4) trash removal. If you have to hand carry bags full of trash from the building, it can make you disgruntled.... a path that you can push a hand cart along for trashremoval is a big help. Make sure the path can be shoveled or use a snow blower on it. Having to wait until a thaw to take out the trash can really take up space. Gravel paths can be hard to navigate with a hand cart. 

5) make sure the floor slopes to the drain. This makes it easier to clean up the floor as you can wash it down and you don't have to worry about puddles. 

6) separate quarantine room that you don't have to pass through to get to the collection so you aren't tracking things from it, to the regular collection. Use a foot bath outside the quarantine room... 

On a separate note, have you considered a green roof to help with the temperatures? It is a good insulator from heat and cold. 

Ed


----------



## JeremyHuff (Apr 22, 2008)

Hi Ed

Thanks for the suggestions. A few I thought about already. I plan on having all electric outlets at the ceiling edge for easy access. Also will have a big enough clearing at the bottom to catch escaped frogs and sweep. I am going to have easy access to lights by having a hinged flap in front to access them. Wheels worry me a bit, but I'll give it some thought. 

For quarantine I plan on having stuff in my house basement. Temps there stay constant all year. 

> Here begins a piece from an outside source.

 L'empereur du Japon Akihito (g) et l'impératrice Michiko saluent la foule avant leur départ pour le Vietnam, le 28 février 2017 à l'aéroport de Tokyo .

Garbage won't be a big deal. I can always use a wheel barrel to move heavy stuff. Water is an issue. I really want it there and will look into options. 
Also need to decide which gecko species to have free range eating escaped bugs


----------



## frogfreak (Mar 4, 2009)

This may help you, Jeremy.

Adding Plumbing To Studio | Workshop Plumbing Additions | HouseLogic.

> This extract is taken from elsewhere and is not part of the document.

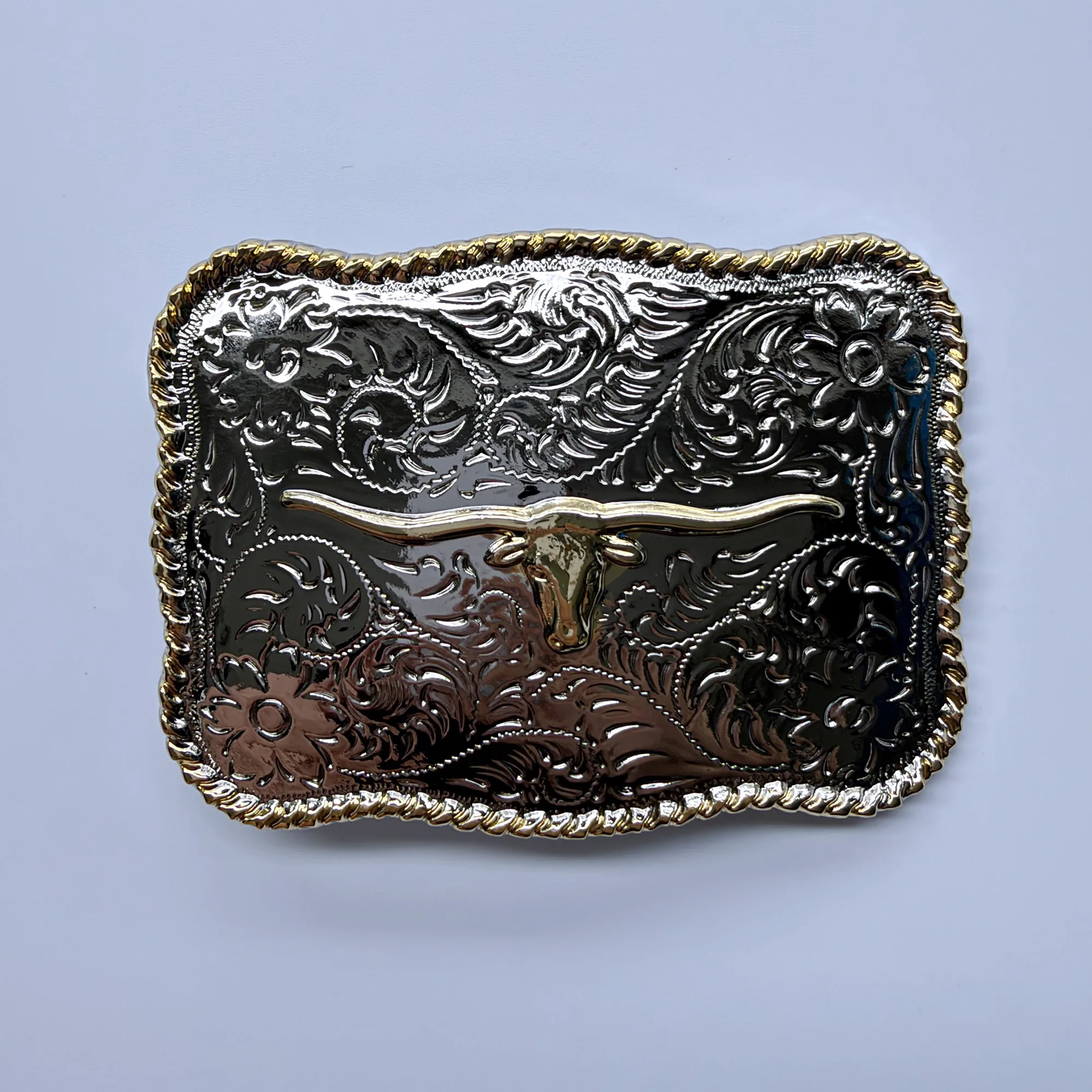 Hebilla de cinturón de vaquero de rodeo con diseño de toro de cuernos largos, color plata brillante con detalles dorados. Hebilla, hebilla de cinturón, hebilla de cinturón, BUCKLE-WT178.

If you can do the digging yourself, you save a *ton* of money. I dug a 30 foot trench with a few buddies in 3 hours flat. That was 3' down and chances are your water will have to be 4' down. Hopefully you don't have hard clay.


----------



## oddlot (Jun 28, 2010)

Hey Jeremy,You know the alarm is covered if you want to go that route.It can monitor for high or low temps,smoke ,co2 or pretty much whatever you want to do.


----------



## DrawntoLife (Nov 12, 2009)

If I was closer I would
Help with the electrical and plumbing sadly I'm in Orange County. Make sure you go to a
Pro for your electrical, plumbing can be done by anyone really, if you go copper make sure you practice your soldering and hydro test it before making it live I really wish I could be a part of this sounds cool


----------



## pdfCrazy (Feb 28, 2012)

Although the site of 160 Vivs in a dedicated "barn" will be a site to behold, I dont envy the man that has to build, hardscape and plant 160 tanks. That makes building the barn, plumbing and electrical the "easy" part. Have fun with it. And I'm sure I speak for all when I say, when you get started, we want to see a build thread


----------



## WendySHall (Aug 31, 2010)

Oh my gosh...I just found this and I am soooo envious!
Combining a barn with frogs...what more could you ask for? That is so cool!
Good luck with it, Jeremy! I really look forward to the finished pics!


----------



## scoy (Jan 22, 2013)

Barn + frogs thats my idea of a frog farm.


----------



## Pubfiction (Feb 3, 2013)

So are you trying to keep the heat and humidity in the barn at a level the frogs will like? IE I guess I imagine a dedicated place like this set up so the whole barn is basically the humid and temp regulated so that the tanks only need lighting. 

I really think you should spring for a transparent side to allow you to keep a green house like setup. Would even be cool to have like a feral population of pumilio or something.


----------



## JeremyHuff (Apr 22, 2008)

Pubfiction said:


> So are you trying to keep the heat and humidity in the barn at a level the frogs will like? IE I guess I imagine a dedicated place like this set up so the whole barn is basically the humid and temp regulated so that the tanks only need lighting.
> 
> I really think you should spring for a transparent side to allow you to keep a green house like setup. Would even be cool to have like a feral population of pumilio or something.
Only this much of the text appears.